Vrasselt/Schneppenbaum. . In Zeiten des Klimawandels wollen immer mehr Gartenbesitzer naturnäher gärtnern. Wie das funktioniert erklären Experten aus Emmerich und Kleve.
Mit den ersten Sonnenstrahlen zieht es Hobbygärtner und Freiluft-Freunde wieder ins Grün, am liebsten in den eigenen Garten. Zumeist lag der über den Winter verweist da und in vielen Haushalten gilt es nun, das eigene Fleckchen Natur wieder ansprechend herzurichten.
Und hier liegt auch schon die Krux an der Sache.
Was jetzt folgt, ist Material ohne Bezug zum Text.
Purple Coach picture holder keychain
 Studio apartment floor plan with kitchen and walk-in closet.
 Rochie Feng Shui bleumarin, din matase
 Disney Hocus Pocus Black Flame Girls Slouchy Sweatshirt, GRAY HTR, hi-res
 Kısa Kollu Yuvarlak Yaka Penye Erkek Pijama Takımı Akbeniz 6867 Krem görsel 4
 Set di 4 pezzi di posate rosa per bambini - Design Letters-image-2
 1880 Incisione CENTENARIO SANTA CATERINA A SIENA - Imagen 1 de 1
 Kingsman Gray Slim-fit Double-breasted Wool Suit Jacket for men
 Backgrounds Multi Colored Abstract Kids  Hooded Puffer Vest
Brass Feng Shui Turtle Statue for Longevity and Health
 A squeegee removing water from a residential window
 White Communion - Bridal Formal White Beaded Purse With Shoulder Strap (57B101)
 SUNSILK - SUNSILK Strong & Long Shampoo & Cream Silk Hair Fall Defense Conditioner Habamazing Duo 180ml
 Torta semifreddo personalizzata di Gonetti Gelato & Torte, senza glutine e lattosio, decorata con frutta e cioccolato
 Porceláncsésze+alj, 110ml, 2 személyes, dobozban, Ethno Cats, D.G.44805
Denn in Zeiten von Klimawandel, Insektensterben und einer omnipräsenten Diskussion über den menschlichen Umgang mit der Natur, möchte der ein oder andere Gartenbesitzer vielleicht etwas naturnäher gärtnern.
Zuletzt gab es einen Rückgang der Naturgärten
Ein Umstand den Margot Dassel vom Kreisverband Kleve für Heimatpflege durchaus begrüßen würde. „Es wird ja immer weniger“, bedauert die Naturfreundin, die beim Kreisverband für die Bewertung der Rubrik Naturgarten, die sich für den Gartenwettbewerb melden, zuständig ist. Doch in dieser Kategorie finden sich stetig weniger Teilnehmer.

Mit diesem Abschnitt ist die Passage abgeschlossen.